• _DATASET SECTION_
◇ ◇ ◇ ◇ ◇

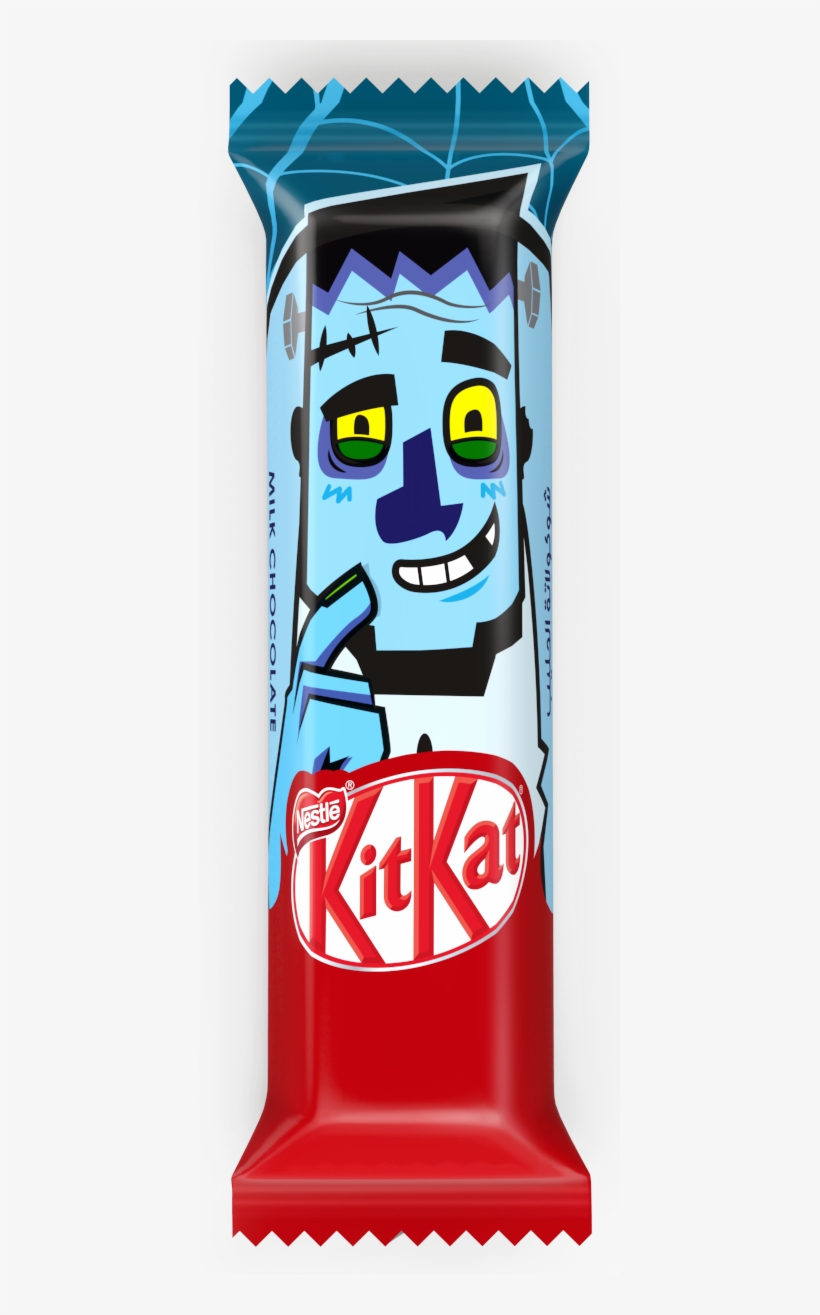 Halloween Celebrations - Kit Kat, transparent png #9412803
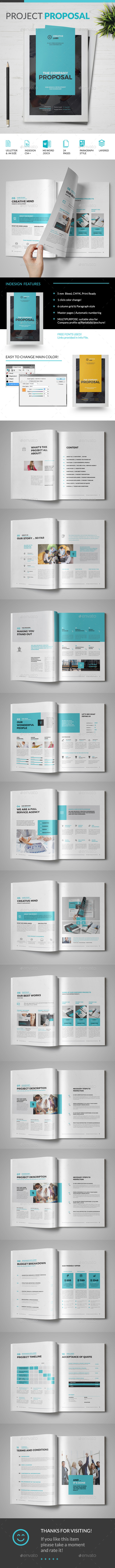 Proposal - Proposals & Invoices Stationery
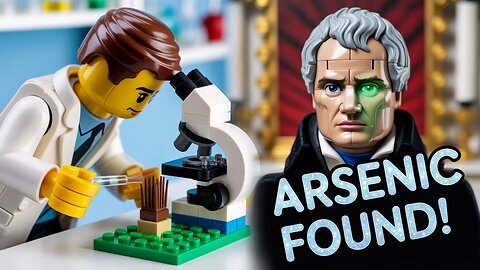 LEGOTOPIA: Napoleon Was Actually POISONED Not Sick - Shocking Evidence Found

◇ ◇ ◇ ◇ ◇

Could you write out the whole listing exactly, dropping the pictures?

• _SOLUTION FOR THIS PROBLEM_
 Halloween Celebrations - Kit Kat, transparent png #9412803
 Proposal - Proposals & Invoices Stationery
 LEGOTOPIA: Napoleon Was Actually POISONED Not Sick - Shocking Evidence Found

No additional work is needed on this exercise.